THE INPUT Block Start

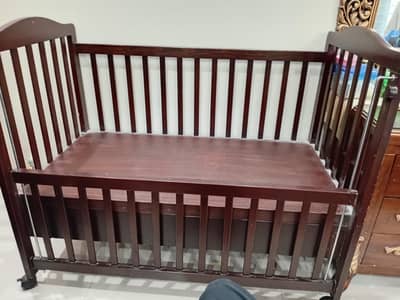 wooden baby cot. condition 9/10. . 4 wheels. . just buy n use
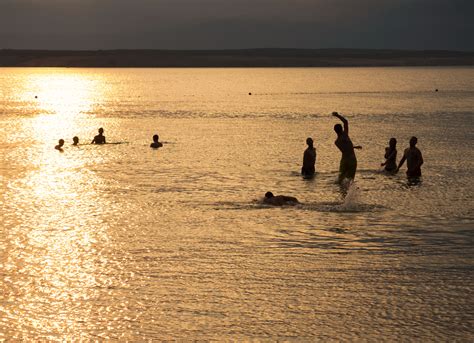 FREE IMAGE: Silhouette Of Young People Playing In The Sea In Sunset | Libreshot Public Domain Photos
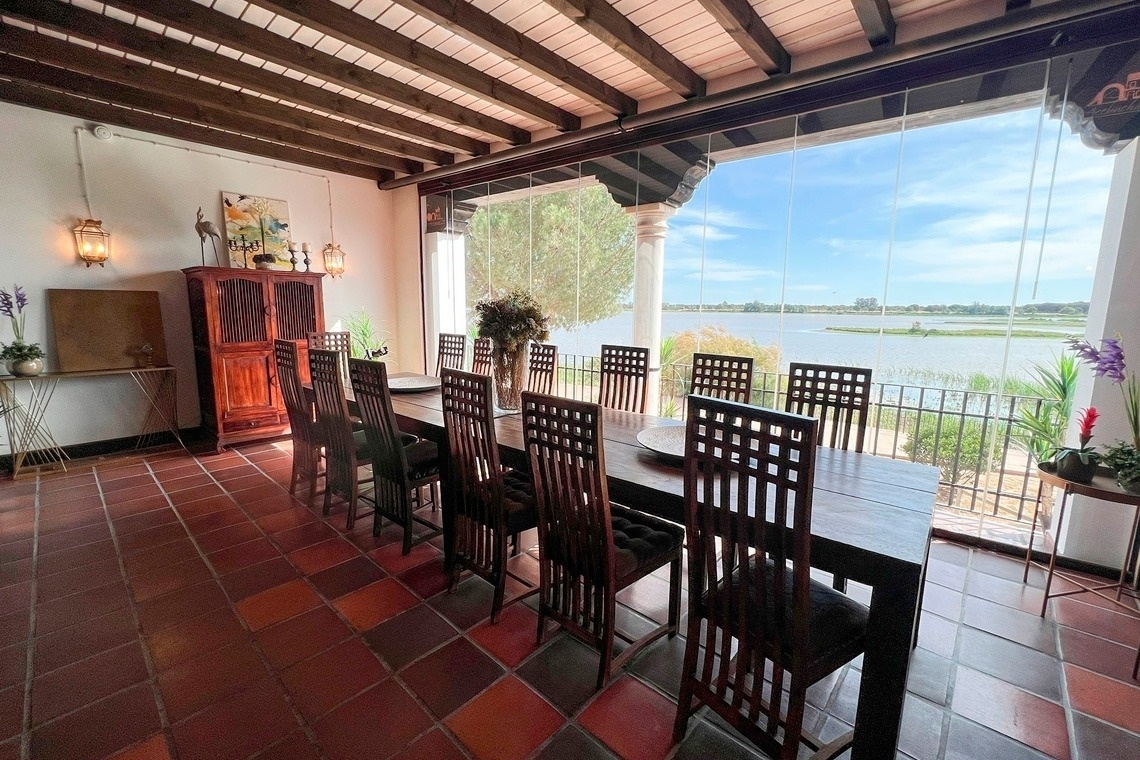 a restaurant with tables and chairs and statues of buddhas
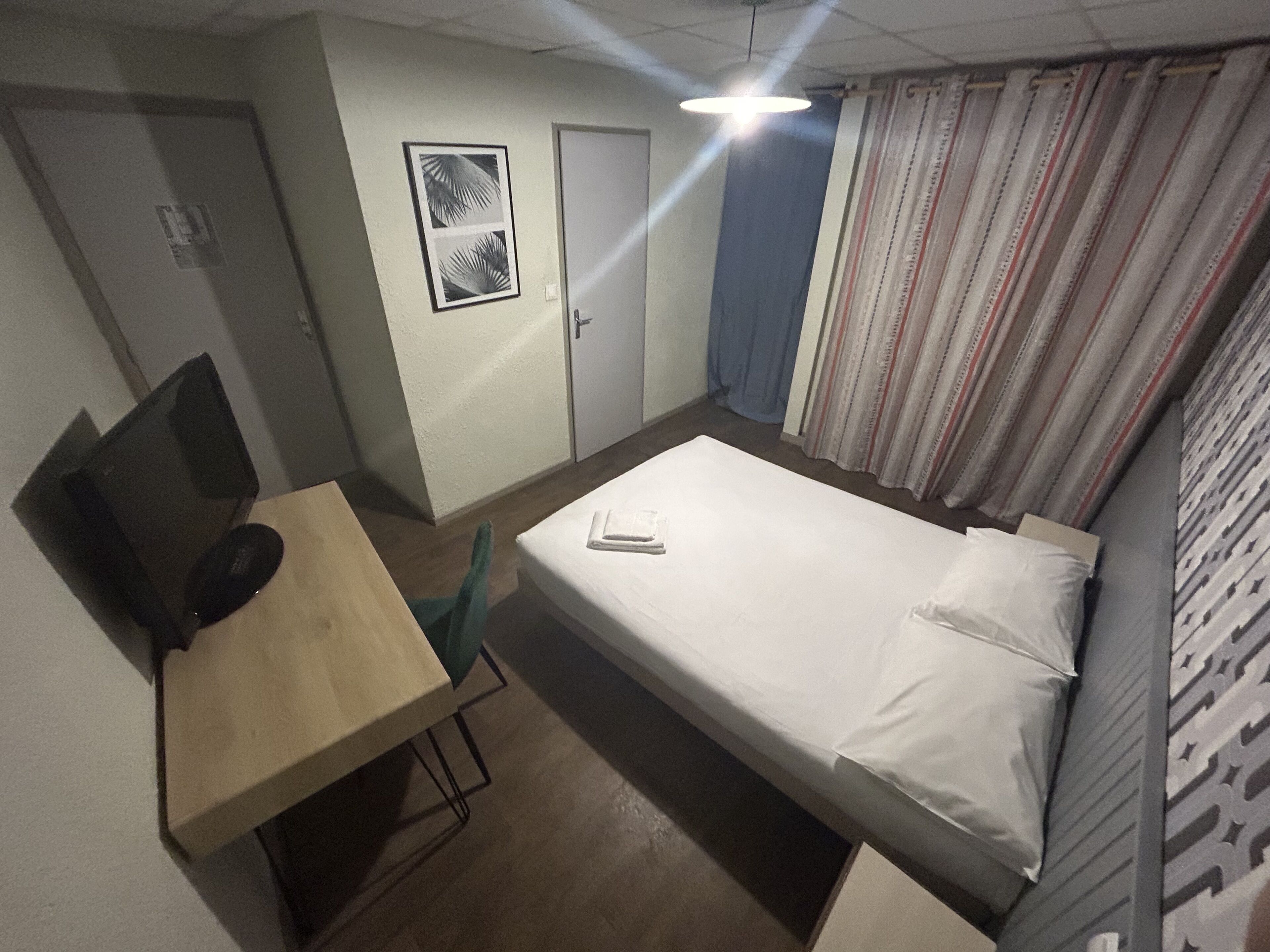 A small, single-room hotel room with a bed, a desk with a computer, a chair, a door, and a window with curtains.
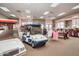 Golf carts parked inside a golf pro shop with apparel and equipment at 2306 N Floyd Dr, Mesa, AZ 85215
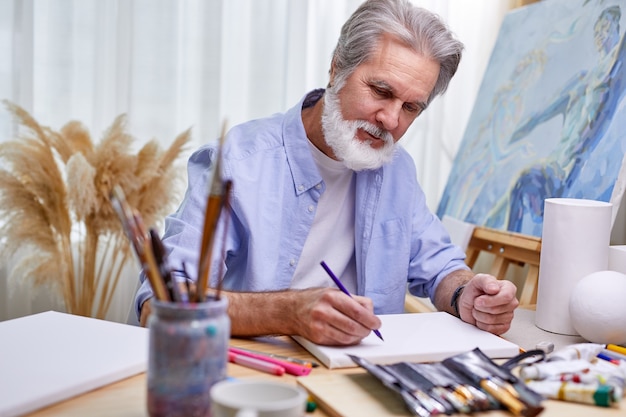 Le peintre dessine à la maison dans une pièce lumineuse, un homme barbu gris crée un chef-d'œuvre à l'aide d'un crayon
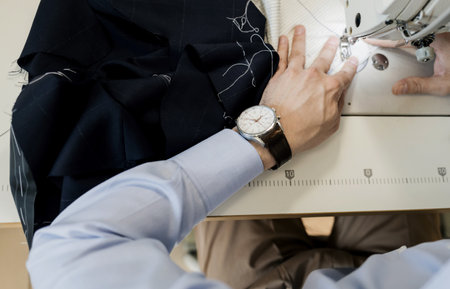 Man working with sewing machine. tailor in the workshopの写真素材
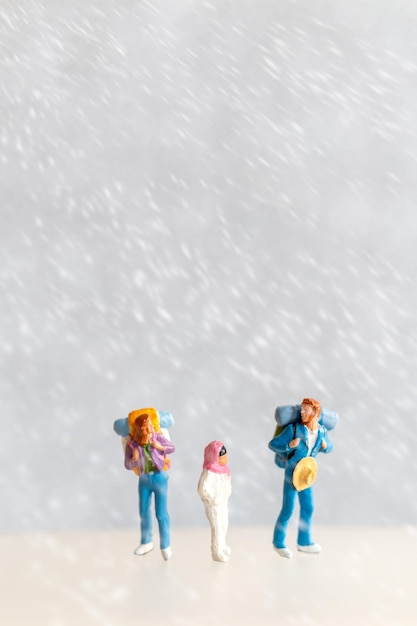 Miniature people Happy family Travel in winter time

THE INPUT Block End

Hand back exactly the lines from the one with "Man working with" through the last line of the data above, both ends included, with every picture left out.

 Man working with sewing machine. tailor in the workshopの写真素材
 Miniature people Happy family Travel in winter time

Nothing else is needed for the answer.